IL CITTADINO ILLUSTRE di Gastón Duprat e Mariano Cohn, 2016

Daniel Mantovani, premio Nobel per la letteratura, decide di tornare dopo quarant’anni nel piccolo paese Argentino in cui ha trascorso l’infanzia e l’adolescenza. Anche uno scrittore di successo come lui sarà costretto ad arrendersi alla tanto banale quanto inconfutabile evidenza per cui “ancora una volta la realtà supera la fantasia”.

Daniel Mantovani (Oscar Martínez, Coppa Volpi per la migliore interpretazione maschile a Venezia 73) è uno scrittore argentino che ha scelto di abbandonare il suo piccolo e provinciale paese di origine in Argentina e ha coltivato in Europa la passione per la scrittura. Giunge persino a tagliare il traguardo del premio Nobel per la letteratura. Il suo discorso a Stoccolma è quello di un intellettuale che crede nell’arte come fattore di “disturbo” e di contestazione, ma che non può fare a meno di provare un appagante e narcisistico orgoglio per aver conseguito uno dei massimi riconoscimenti a livello mondiale.

Daniel riceve decine di prestigiosi inviti da ogni parte del mondo, che non ha alcuna intenzione di accettare o di onorare una volta accettati. Uno di quegli inviti, tuttavia, ha un sapore differente. Arriva attraverso “una lettera di carta” e il mittente è proprio il Sindaco di Salas, il suo paese natio, che vorrebbe ospitarlo per conferirgli l’onorificenza di “cittadino illustre”, il più alto titolo che la piccola comunità possa attribuire a uno dei suoi componenti.

Si tratta del luogo in cui Daniel ha ambientato tutte le sue opere letterarie, quel paese da cui i suoi personaggi non hanno mai avuto il coraggio di andar via e in cui lui non ha mai trovato, in quarant’anni, il coraggio di tornare. Dopo qualche indecisione, decide di salire su un aereo per l’Argentina. Da solo. Forse per ritrovare l’ispirazione che sembra appannata. Forse per regolare i conti con il passato. O forse con il solo scopo di non avere scopo alcuno.

Arrivato a destinazione, lo scrittore si vede ben presto costretto a scendere dall’Olimpo dei vezzi e delle richieste da star, per mescolarsi alla “gente comune”, ai loro ritmi, alle loro manifestazioni culturali (o pretese tali), alle cerimonie di dubbio gusto, alla curiosità “da telefonino”, agli alberghi che sembrano usciti da un film rumeno e che non dispongono di un letto con materasso in lattice.
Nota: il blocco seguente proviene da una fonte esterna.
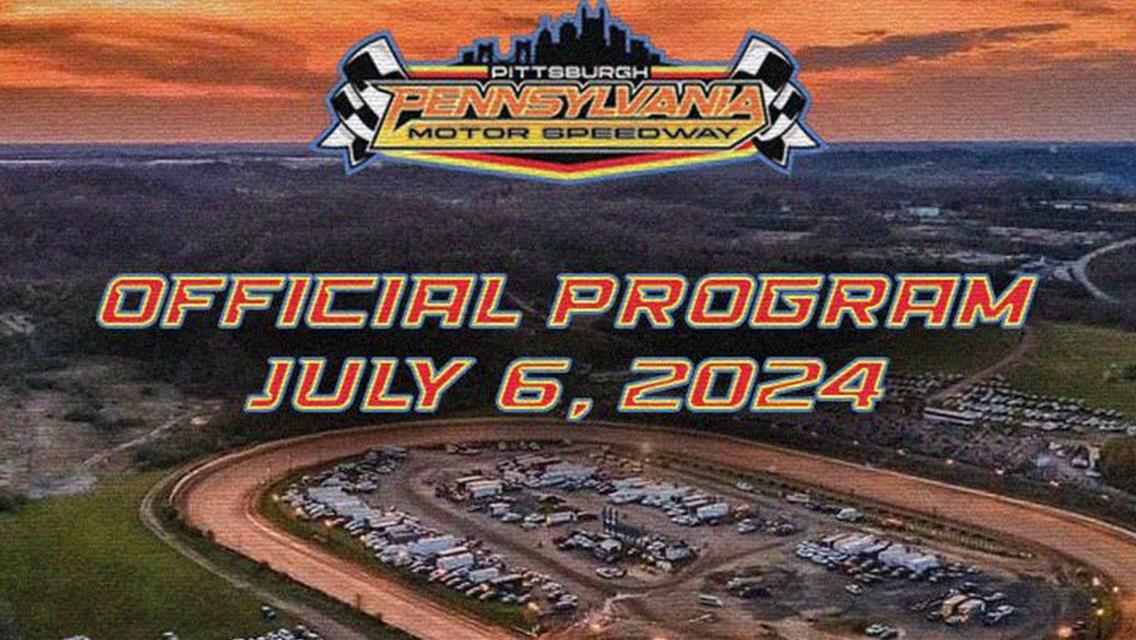 Official Program for July 6, 2024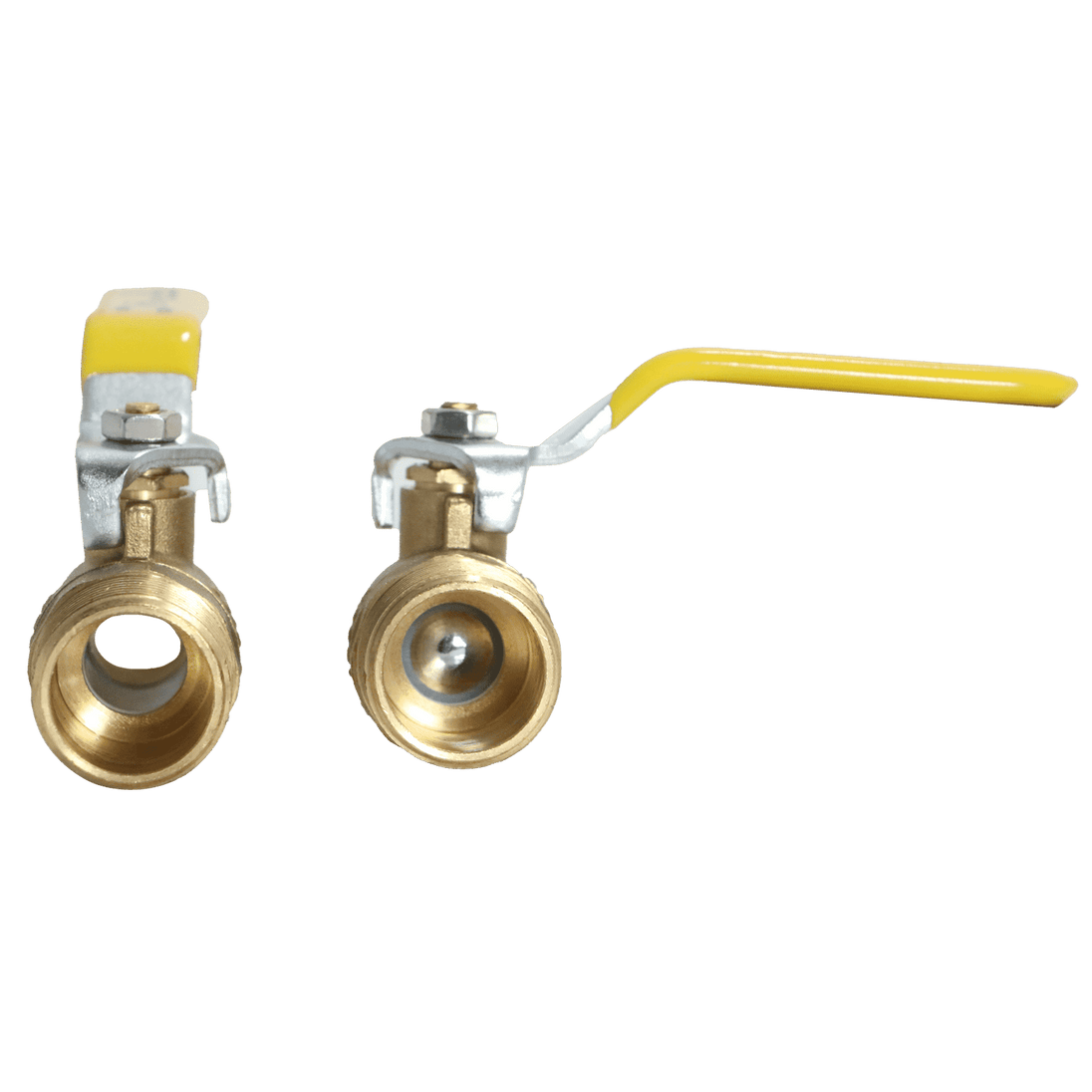 3/4 inch PEX-B Barb x 3/4 inch Male Ball Valve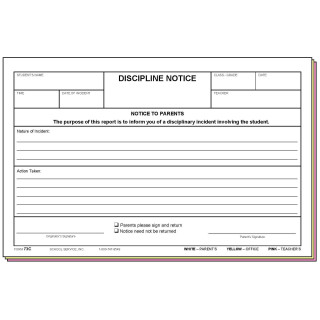 school suspension form template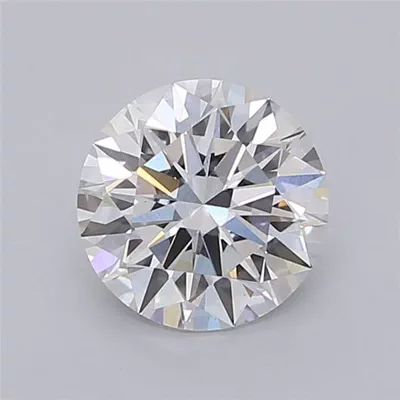 1.55ct D VS1 Rare Carat Ideal Cut Round Lab Grown Diamond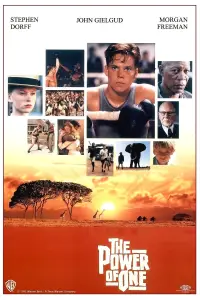 Poster to the movie "The Power of One" #1136656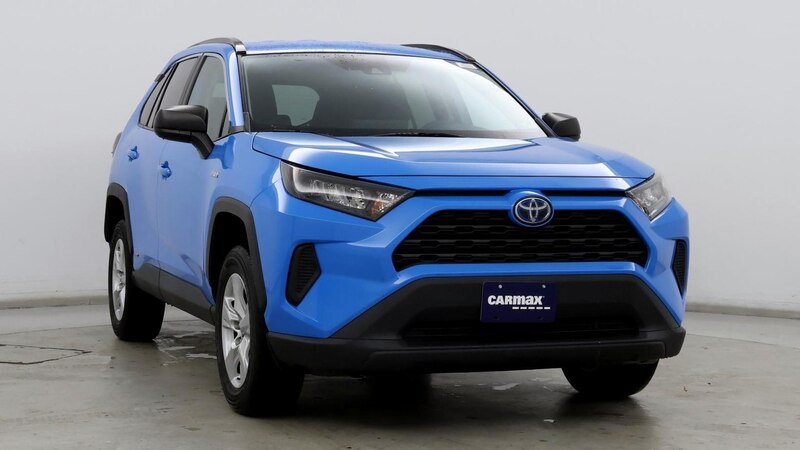 2020 Toyota RAV4 LE 8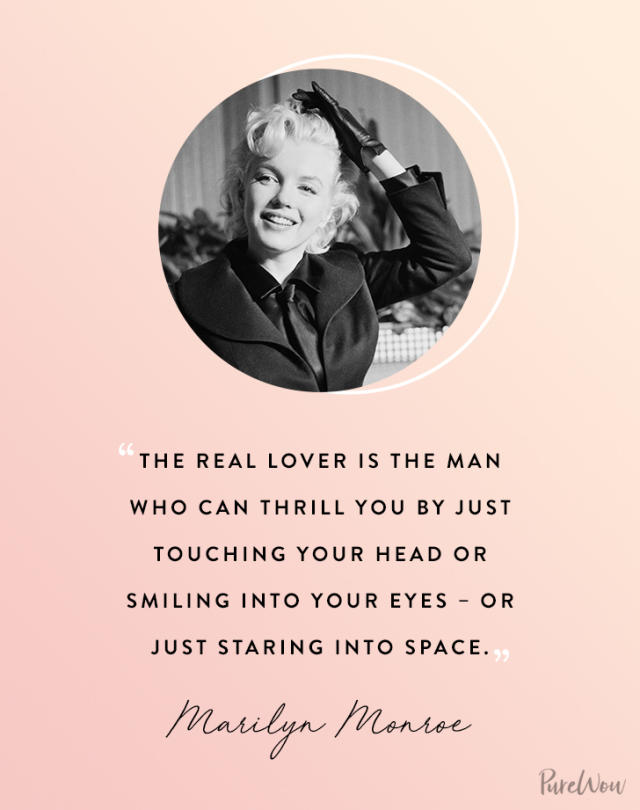 smile quotes marilyn monroe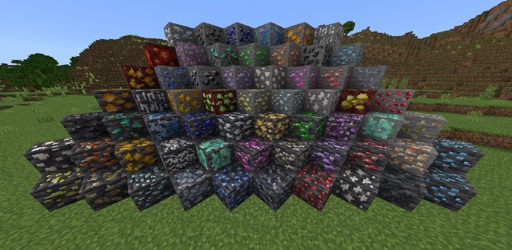 Overpowered Ores Expansion Addon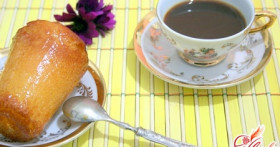 Рецепт ромовой бабы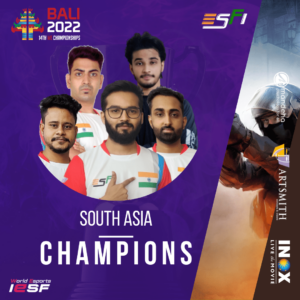 India thrashes Pakistan and Bangladesh to qualify for 14th World Esports Championships in CS:GO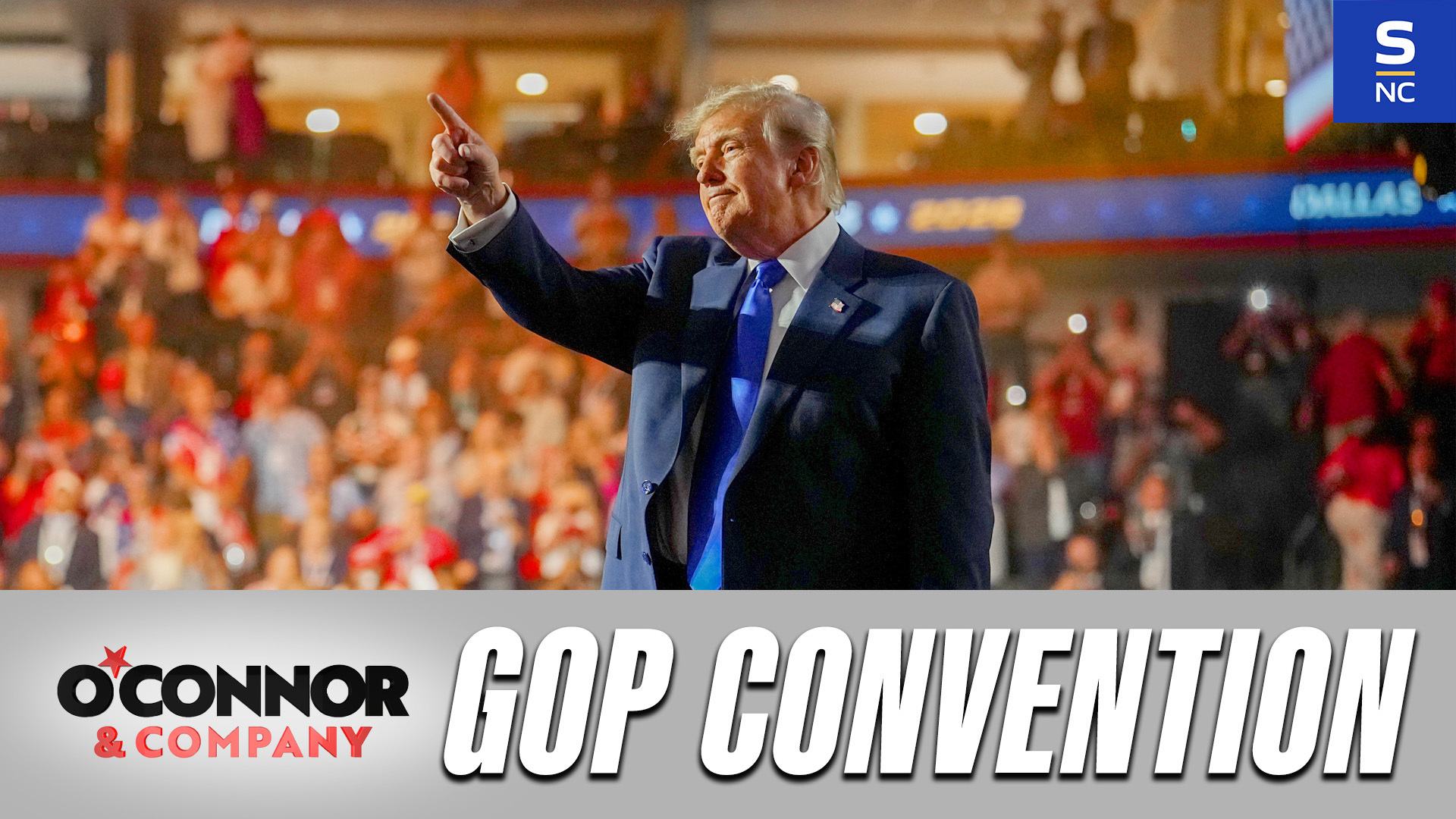 The GOP Midterm Convention Kicks-Off In Dallas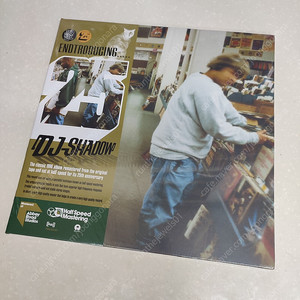 DJ Shadow - Endtroducing ... (25th Anniversary, Half Speed Abbey Road Master, 2LP Gatefold)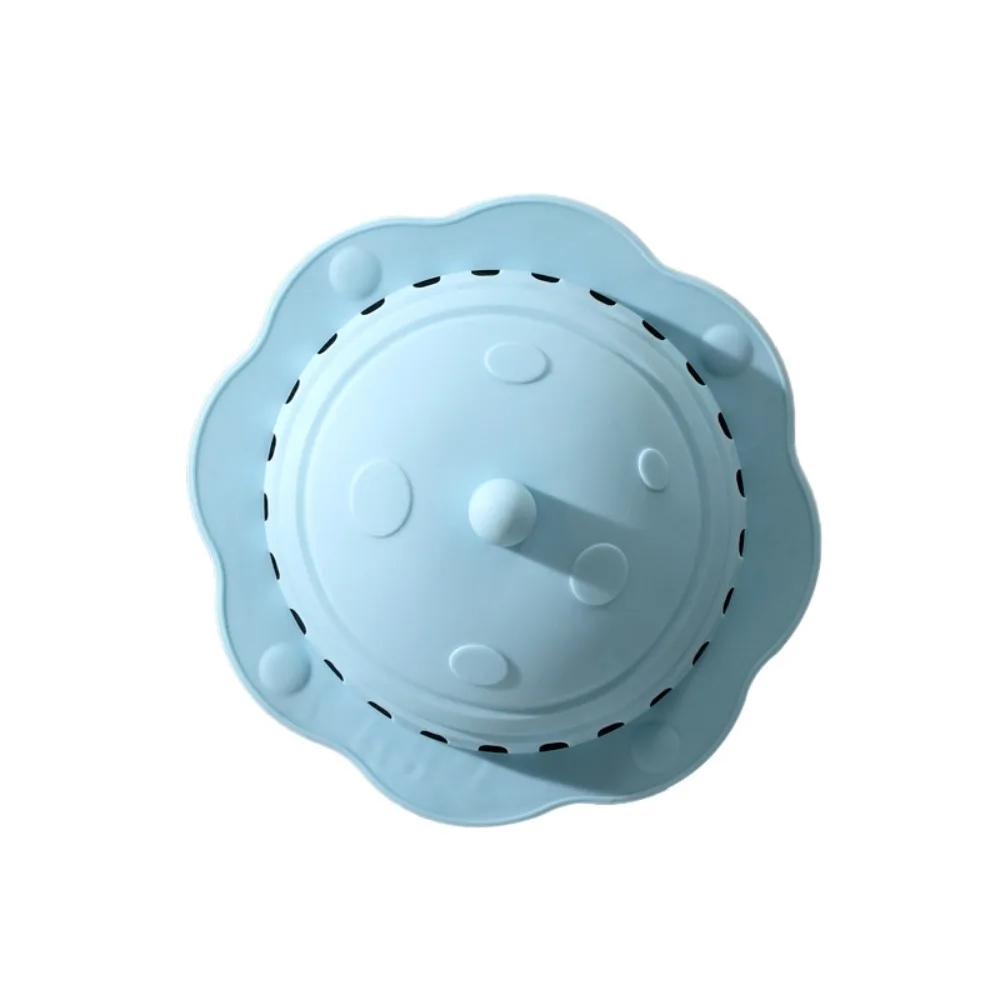 

Silicone Sewer Outfall Drain Filter Anti-blocking Round Shape Sink Strainer Filter Hair Clean Up Shower Drainage Protector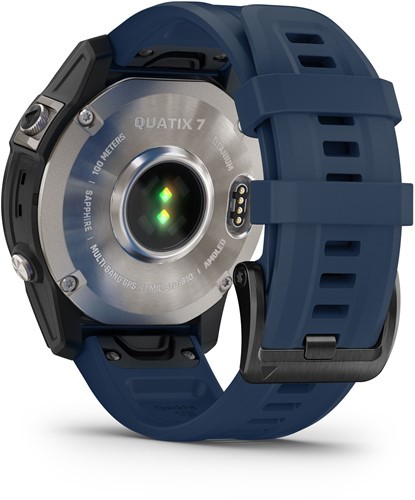 Nieuw: Garmin Quatix 7 Sapphire GPS Watersport Smartwatch met Amoled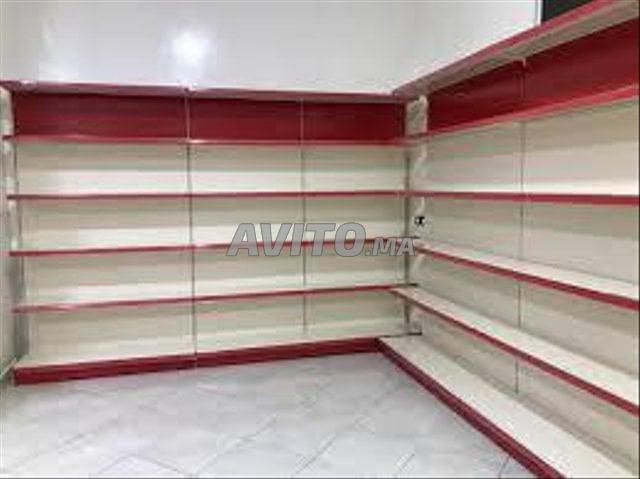 LES TAGERES DES SUPER MARCHI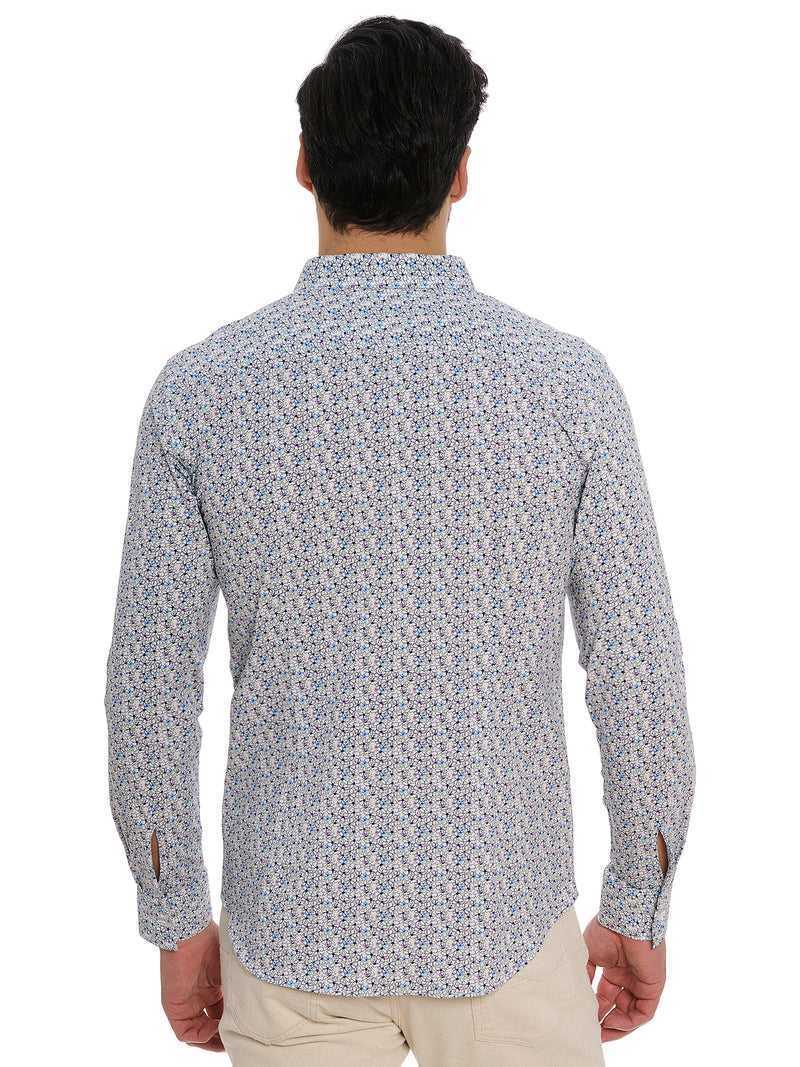 Multi Robert Graham Kylen Long Sleeve Knit Shirt | 198475XBE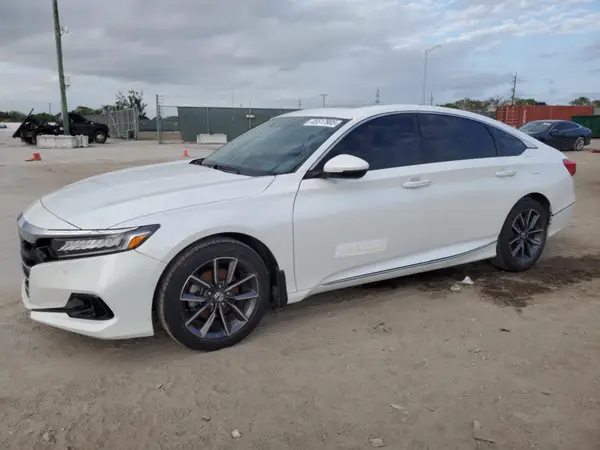 1HGCV1F55NA055067 2022 HONDA ACCORD - Image 1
La morale ha il sapore di un intramontabile luogo comune: la realtà supera sempre ogni più fervida fantasia. Senza contare che (altro topos sufficientemente esplorato dal cinema e dalla letteratura) non sempre la “gente rustica di campagna” è depositaria della rassicurante genuinità di valori incontaminati, posto che le comunità ristrette e lontane dalla rutilante corruzione cittadina possono rappresentare un nido in grado di proteggere, ma anche una trappola capace di soffocare.

Il film di Duprat e Cohn, però, è in grado di cogliere il senso più profondo di questi luoghi comuni. I toni narrativi si muovono lungo una pluralità di registri sempre sapientemente amalgamati, che restituiscono in maniera efficace la complessità del personaggio interpretato da Oscar Martínez: un cinico che cede ai buoni sentimenti, un artista travagliato che guarda con favore alla rassicurante quotidianità della gente “normale”, uno scrittore che vorrebbe cambiare la realtà ma che in quella realtà finisce per rimanere intrappolato. Persino la gente di Salas fatica a distinguere i personaggi dei romanzi di Mantovani dai loro concittadini, rendendo fitta e appassionante la trama in cui diviene sempre più complicato tracciare una marcata linea di confine tra l’immaginazione e il reale.

Il cittadino illustre è il film scelto dall’Argentina per la corsa all’Oscar come miglior film straniero.